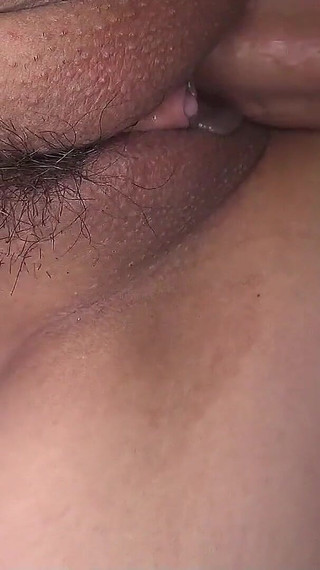 大きな自然なおっぱいの日本人熟女クーガーが少年を誘惑して無修正の後部座席カーファック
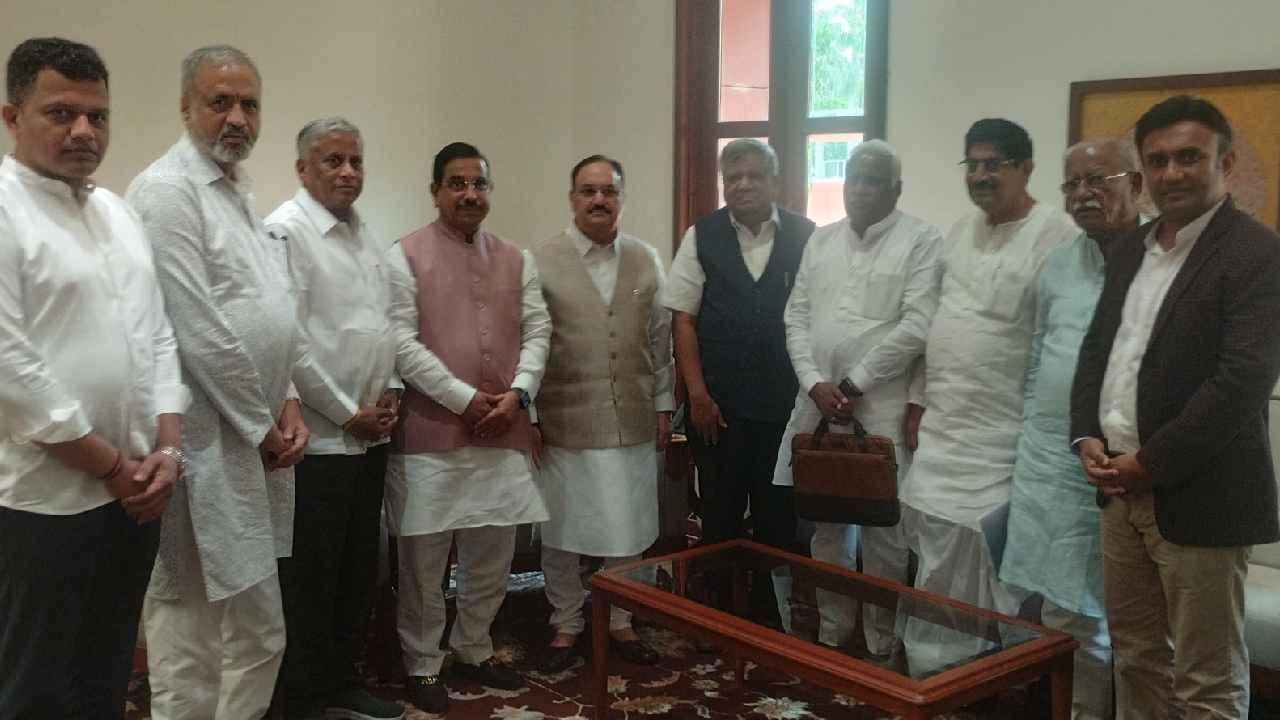 ಕರ್ನಾಟಕದಲ್ಲಿ ರಸಗೊಬ್ಬರಕ್ಕೆ ಹೆಚ್ಚಿದ ಬೇಡಿಕೆ: ರೈತರ ಕೂಗಿಗೆ ಕಿವಿಯಾದ ಪ್ರಹ್ಲಾದ್ ಜೋಶಿ ಆ್ಯಂಡ್ ಟೀಮ್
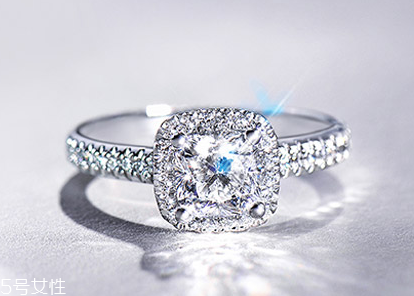 戒指可以戴右手嗎？戒指能戴在右手上嗎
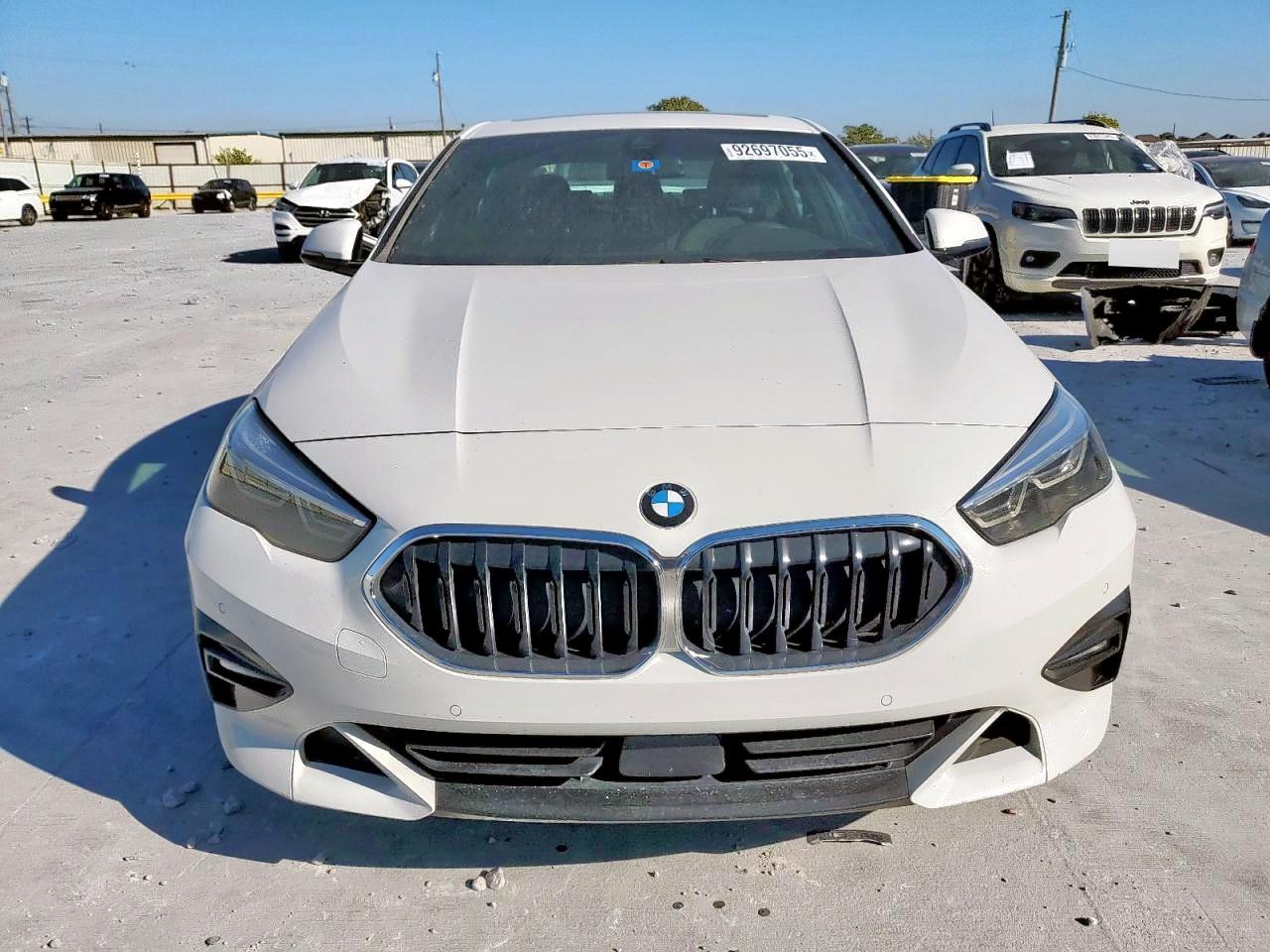 Фото: WBA73AK0XL7F92351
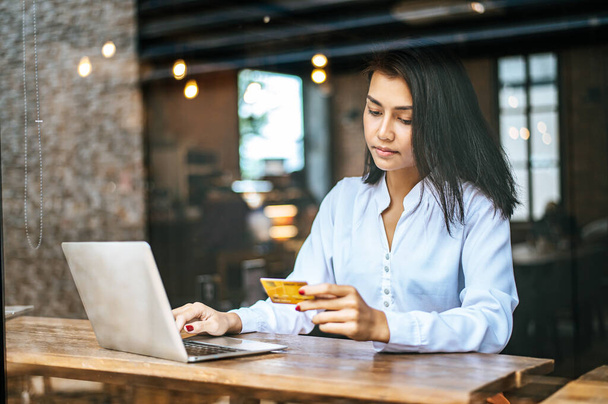 woman sitting thinking about credit card balances,notebook. - Фото, зображення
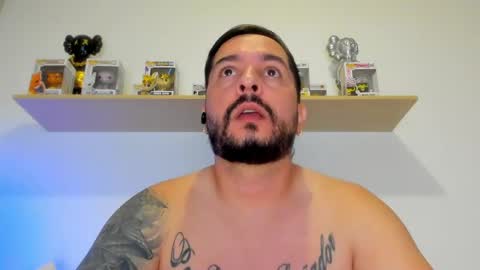 camilo_restrepo21 online show from June 3, 12:13 am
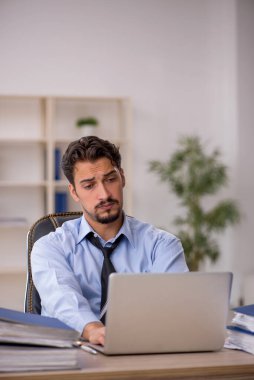 Ofiste çalışan genç bir erkek.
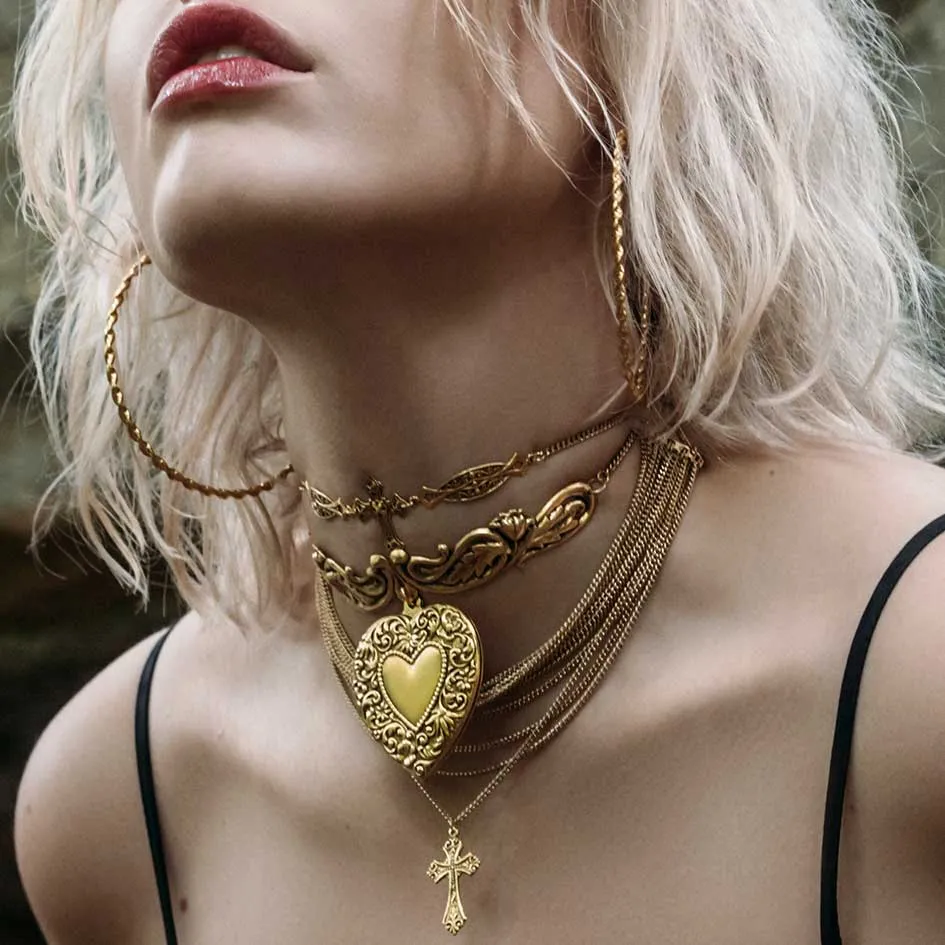 LOVE STRUCK. Ornate Heart Choker - Gold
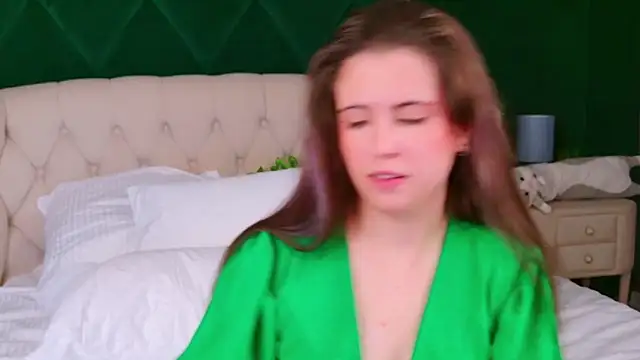 Akira Halls online show from November 2025 06:41:02 PM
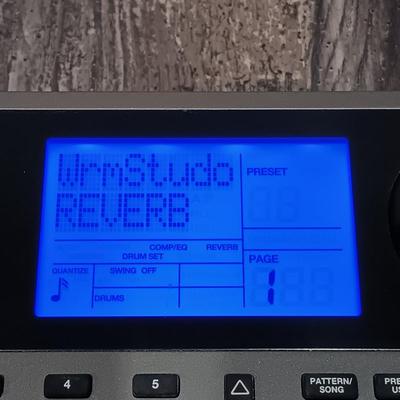 LOT 117: Alexis High-Definition Drum Machine SR18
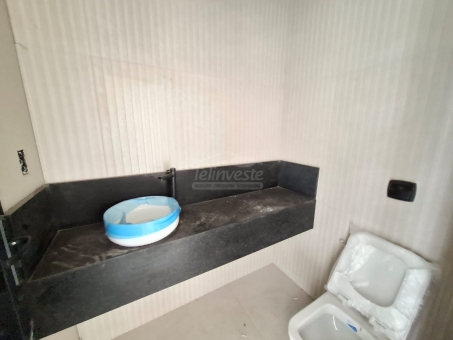 CASA NO BAIRRO AROEIRAS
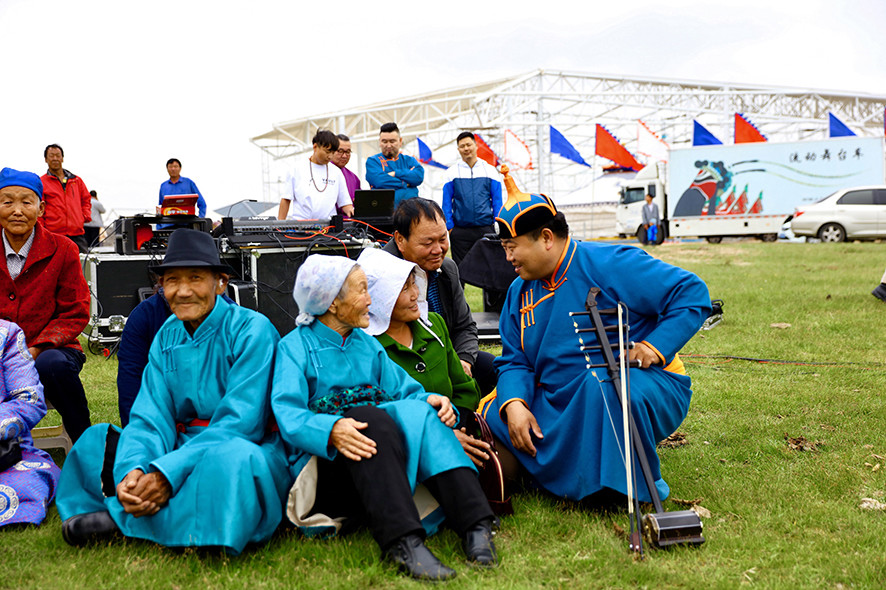 乌兰牧骑:永远做草原"红色文艺轻骑兵"_腾讯新闻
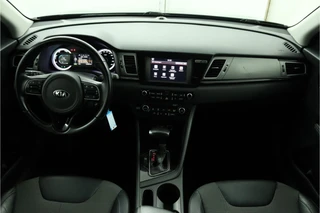 Kia Niro 1.6 GDi Hybrid DynamicLine  - Trekhaak - Apple Carplay/Android Auto - Achteruitrijcamera - Cruise Control - Virena Zekerheidspakket t.w.v. €895,- / 32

──────────

WHAT THIS TASK INVOLVES
Type the entries again verbatim. Any pictures should be skipped.

ANSWER SECTION
 大きな自然なおっぱいの日本人熟女クーガーが少年を誘惑して無修正の後部座席カーファック
 ಕರ್ನಾಟಕದಲ್ಲಿ ರಸಗೊಬ್ಬರಕ್ಕೆ ಹೆಚ್ಚಿದ ಬೇಡಿಕೆ: ರೈತರ ಕೂಗಿಗೆ ಕಿವಿಯಾದ ಪ್ರಹ್ಲಾದ್ ಜೋಶಿ ಆ್ಯಂಡ್ ಟೀಮ್
 戒指可以戴右手嗎？戒指能戴在右手上嗎
 Фото: WBA73AK0XL7F92351
 woman sitting thinking about credit card balances,notebook. - Фото, зображення
 camilo_restrepo21 online show from June 3, 12:13 am
 Ofiste çalışan genç bir erkek.
 LOVE STRUCK. Ornate Heart Choker - Gold
 Akira Halls online show from November 2025 06:41:02 PM
 LOT 117: Alexis High-Definition Drum Machine SR18
 CASA NO BAIRRO AROEIRAS
 乌兰牧骑:永远做草原"红色文艺轻骑兵"_腾讯新闻
 Kia Niro 1.6 GDi Hybrid DynamicLine  - Trekhaak - Apple Carplay/Android Auto - Achteruitrijcamera - Cruise Control - Virena Zekerheidspakket t.w.v. €895,- / 32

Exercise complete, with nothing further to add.